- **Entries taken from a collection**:
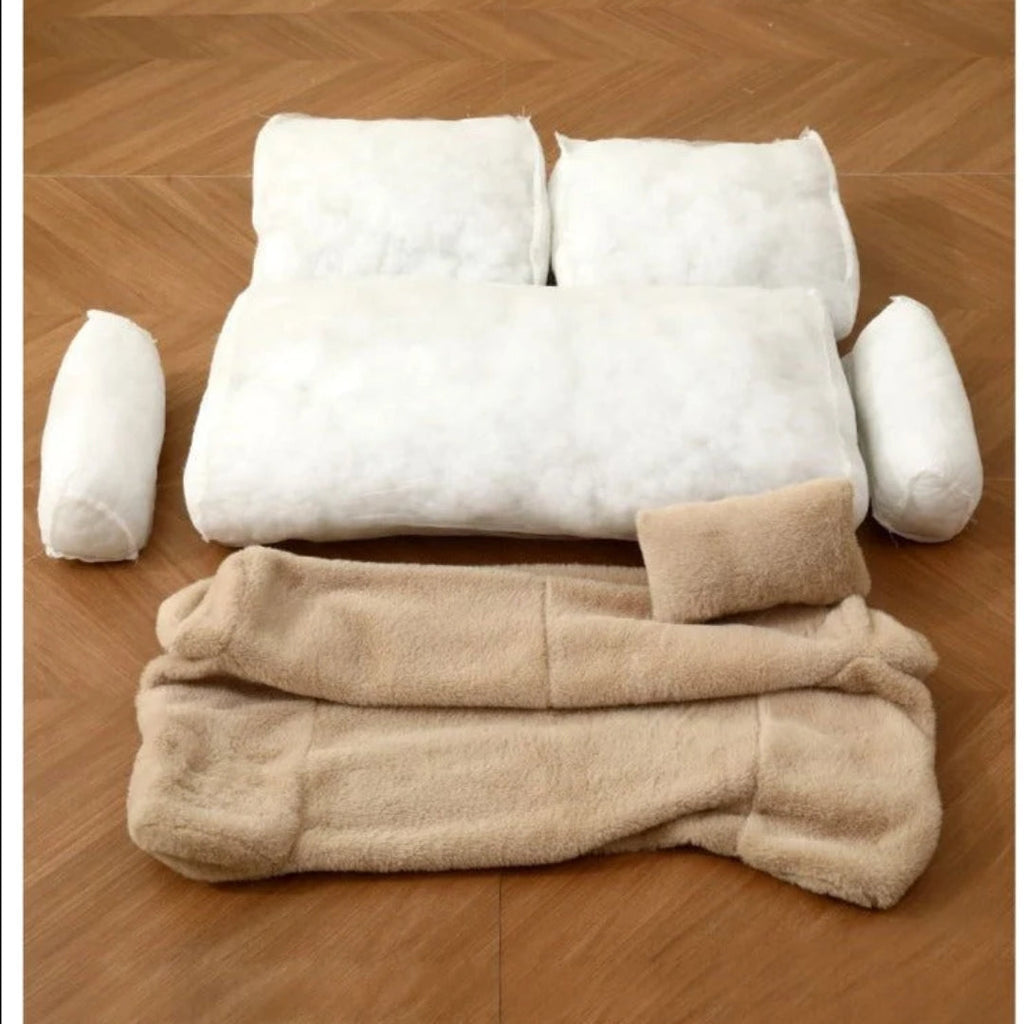 Plush Dog Sofa Bed with Raised Sides and Matching Cushion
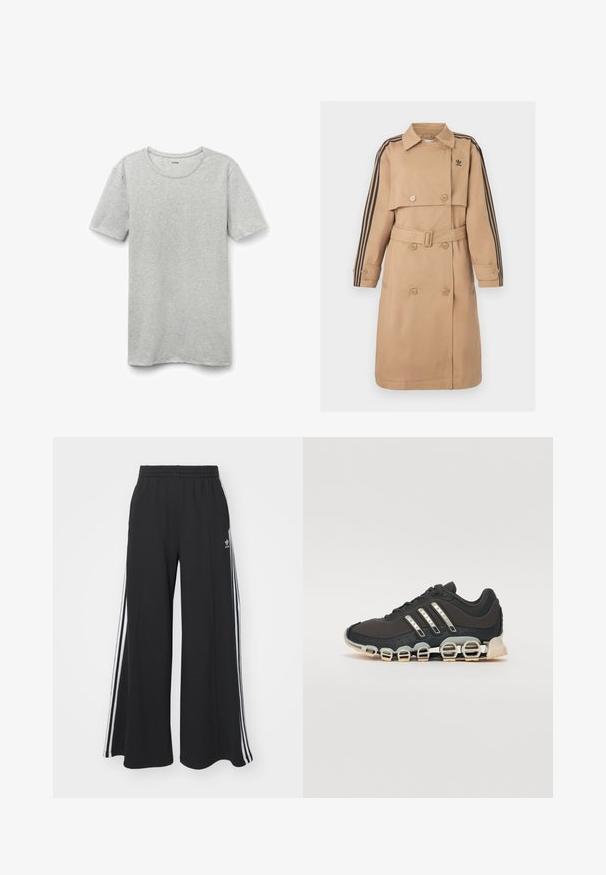 Beżowy trencz z podwójnym rzędem guzików, paskiem i czarnymi paskami na rękawach; posiada kołnierz i boczne kieszenie.; Jasnoszara bawełniana koszulka z krótkim rękawem, okrągłym dekoltem i gładką fakturą. Prosty, klasyczny wzór bez widocznych logo czy wzorów.; Czarne szerokie spodnie dresowe z elastycznym pasem, z białymi paskami po bokach i haftowanym logo na lewej udzie.; Czarne sportowe buty z teksturowaną cholewką, trzema srebrnymi paskami i charakterystyczną podeszwą z amortyzacją, składającą się z wielu zintegrowanych sekcji.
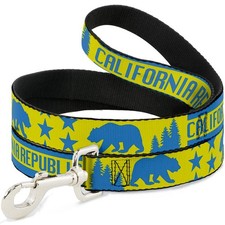 Dog Leash 6-FEET CALIFORNIA REPUBLIC/Bear/Stars Silhouette Yellow/Blue NARROW 0.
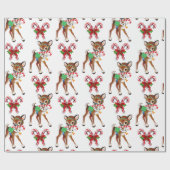 Retro Christmas Deer und Candy Canes Geschenkpapier (Flach)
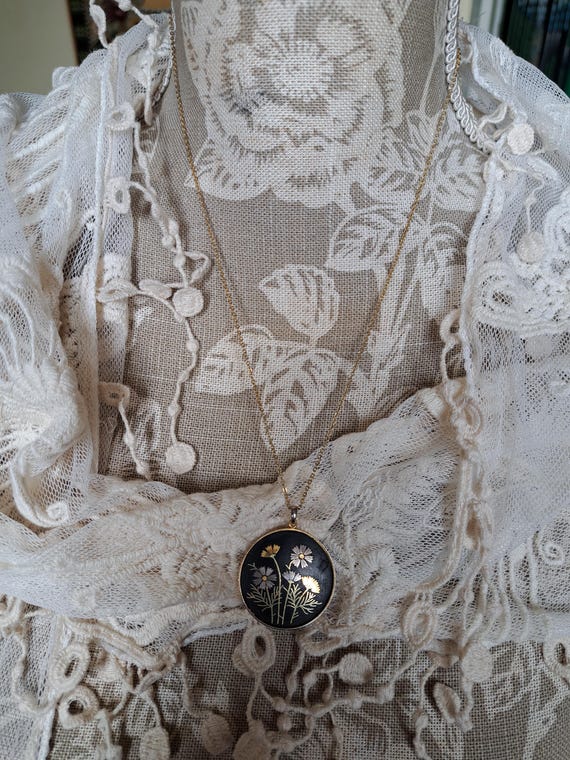 1950s Japanese Floral Pendant: Hand-painted Enamel Gold Tone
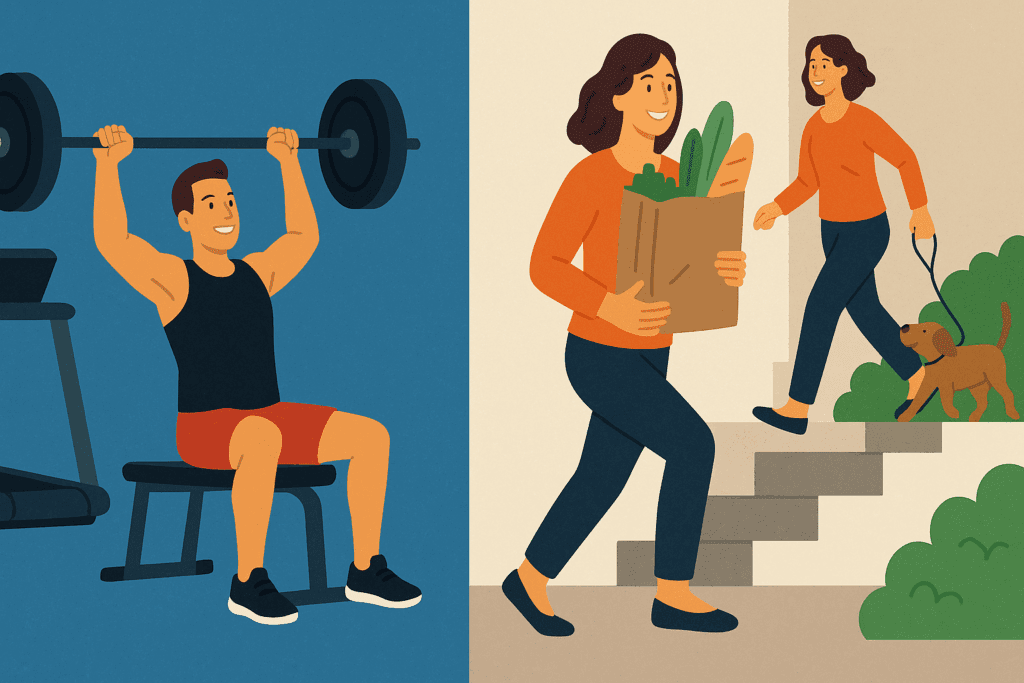 Person lifting weights at a gym and another carrying groceries, climbing stairs, and walking a dog, illustrating what is physical activity exercise.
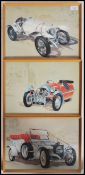 A collection of four vintage framed and glazed picture prints after DG Mackay of various Bentley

- **WORK REQUIRED**: Copy out only the lines beginning at the line with "Dog Leash 6-FEET" and ending at the last line of the entries. Keep them exact; drop pictures.

- **SOLUTION TO THIS TASK**:
 Dog Leash 6-FEET CALIFORNIA REPUBLIC/Bear/Stars Silhouette Yellow/Blue NARROW 0.
 Retro Christmas Deer und Candy Canes Geschenkpapier (Flach)
 1950s Japanese Floral Pendant: Hand-painted Enamel Gold Tone
 Person lifting weights at a gym and another carrying groceries, climbing stairs, and walking a dog, illustrating what is physical activity exercise.
 A collection of four vintage framed and glazed picture prints after DG Mackay of various Bentley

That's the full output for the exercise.